Kösemen worked "non-stop" on Snaiad until 2007, though work on the project has continued sporadically after that. Snaiad's official website was launched in June of 2008. The Snaiad website would later go offline for many years, but was relaunched in 2014. Later that year, in August, Kösemen held a talk about Snaiad at the 72nd World Science Fiction Convention in London. At the talk, Kösemen discussed the development of the project and shared never-before-seen early renditions of creatures. By the time of the 2014 talk, Kösemen had around 200 colorful paintings of Snaiad creatures and a backlog of nearly 500 concepts.

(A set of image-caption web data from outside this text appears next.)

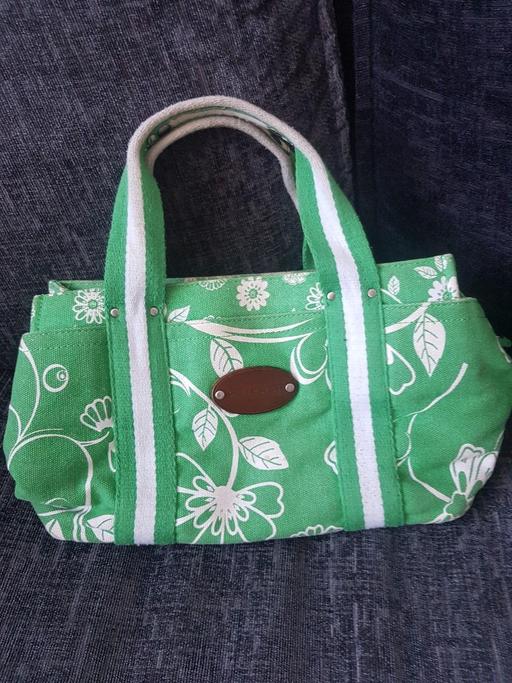  — Tommy Hilfiger bag - green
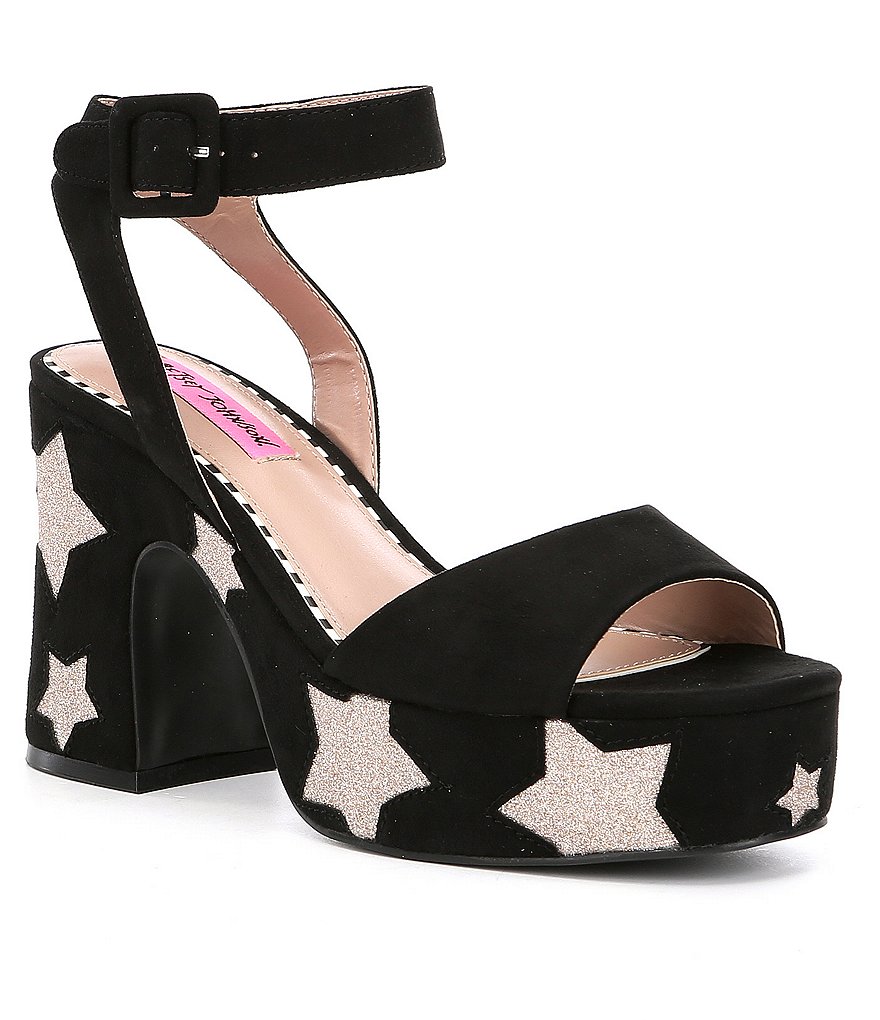 Sandalias con estrellas en plataforma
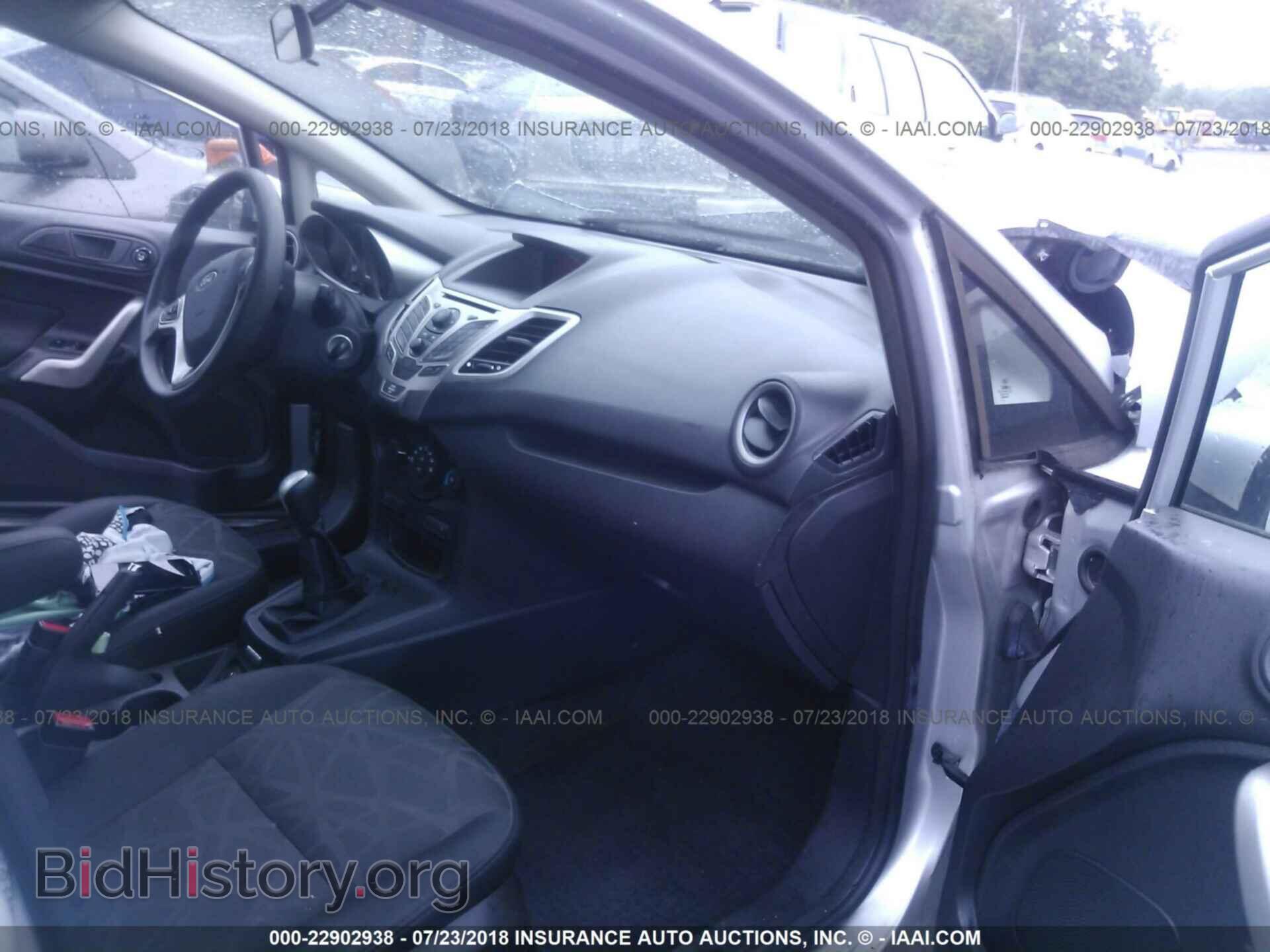 2012 Ford Fiesta - VIN: 3FADP4EJ1CM186600 - Фото 5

Despite not yet having been published in any other form than online, Snaiad has garnered a following. 'Snaiad' has more Google search hits than Kösemen's own name, and the project grew especially popular on the art-sharing website DeviantArt, where amateur artists drew fan art of Kösemen's creatures and also invented their own Snaiadi creatures. Fans of Snaiad have also created YouTube animations and digital as well as physical models of Kösemen's creatures. Per Darren Naish, writing in response to Kösemen's 2014 talk, "The mass appeal of Snaiad was demonstrated by the invention of Spore versions of Snaiad creatures, by the number of website mentions, by fan-art of assorted genres, and by the enthusiasm of the attending audience." Kösemen attributes the appeal of Snaiad to the project being somewhat "open source", with Kösemen allowing fan art and even 'canonizing' the fan creations he liked the best, and the established common body plans and anatomy, creating the possibility of consistent creations. The project as also been translated into multiple languages: As of 2026, the website's home page contains links to versions of the website in Spanish and Mandarin Chinese.

Kösemen has expressed interest in eventually publishing Snaiad in book form, stating that he plans to remake the book completely, and publish it in the near future. He is actively rewriting the book at the current time of writing this document.